Healthy Grading Practices with Google Suite - Donna Corcoran
Follow Alice Keeler! Provide feedback as students are still in the process, not as part of the grade. Return assignments (Classroom) as they’re submitted so you still have access but so do the students. Use Private Comments on a shared doc (with all students in the class - have them put their names in Notes (Slides) or on a tab (Sheets)) to have a private conversation. Challenge students to continue to dig deeper, providing direction rather than answers.
Merge Cube - Brad Hubbard
They cost $1. They’re cool. Learn more here. I can show interested peeps, but so far, my kids love it!
MiMir - Ryan Miles
Computer Science A complimentary curriculum toolset. Enhances the ability to do coding on any device. Web-based coding framework for Java + 60 other languages means Computer Science A can be 100% accessible from a Chromebook, too, not just a laptop with a Java coding application. Best thing about this for teachers of the CS curriculum is that grading is so much faster! MiMir has code plagiarism checks built in as well as auto grading with coding standards. Teachers can focus more on good coding instruction vs. labor intensive grading.
Equity Considerations for D117 - Brad Hubbard
Staff Feedback Notecards (Digital or Handwritten) - Brad Hubbard
Noticed…, Wonder…, Great Job…
Be mindful, be deliberate, be bold - Donna Corcoran
SCHEDULE time to investigate new information. Take the five-day teacher challenge: Try something new for five days and reflect on the results.

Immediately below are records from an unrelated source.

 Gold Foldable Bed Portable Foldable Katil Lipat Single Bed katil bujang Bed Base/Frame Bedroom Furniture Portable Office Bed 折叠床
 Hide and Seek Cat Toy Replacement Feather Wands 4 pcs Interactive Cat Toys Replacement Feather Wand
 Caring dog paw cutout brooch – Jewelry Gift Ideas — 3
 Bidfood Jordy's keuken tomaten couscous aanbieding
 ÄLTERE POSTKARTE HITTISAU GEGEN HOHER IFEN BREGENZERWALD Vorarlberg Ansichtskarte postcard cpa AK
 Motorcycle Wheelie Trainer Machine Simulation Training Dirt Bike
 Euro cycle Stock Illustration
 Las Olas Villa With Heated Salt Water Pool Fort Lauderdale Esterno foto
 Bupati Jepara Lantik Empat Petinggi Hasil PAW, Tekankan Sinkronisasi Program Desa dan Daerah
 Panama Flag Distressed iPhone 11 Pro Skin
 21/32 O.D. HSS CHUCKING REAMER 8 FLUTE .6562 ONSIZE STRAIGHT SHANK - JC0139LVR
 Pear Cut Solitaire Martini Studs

Unlock Thinking with Questions - Donna Corcoran
We need problem FINDERS, not problem solvers. Brains and minds change when thinking in questions. Try having a conversation all in questions. I have the “rules” for anyone interested, as well as a number of activities to use in the classroom now. Use strong question stems: how might we, what else, what if, can you explain the steps to me as if I’m 5 years old? Ask WHAT (or what’s next) not why (becomes defensive). Perspective: have students respond to a question as someone else.

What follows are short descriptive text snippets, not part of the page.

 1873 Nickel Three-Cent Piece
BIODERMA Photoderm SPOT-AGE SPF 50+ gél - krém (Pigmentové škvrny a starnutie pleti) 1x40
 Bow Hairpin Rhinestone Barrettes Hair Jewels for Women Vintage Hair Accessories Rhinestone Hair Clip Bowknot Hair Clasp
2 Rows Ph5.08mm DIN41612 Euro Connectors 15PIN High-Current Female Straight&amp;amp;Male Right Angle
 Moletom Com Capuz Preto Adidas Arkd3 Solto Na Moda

(BTW - did you know the stickers on fruit are edible … but not gluten free?)
Unlearning Leader - Michael Lubelfeld, Superintendent District 109, #Engage109
and Nick Polyak, Superintendent Leyden 212, #LeydenPride
Google Slide Deck - Nick Aguina
Educational leaders need to work on unlearning past practices that don’t fit into today's education system. School systems need to move past the TTWWADI - “That’s the way we always do it.”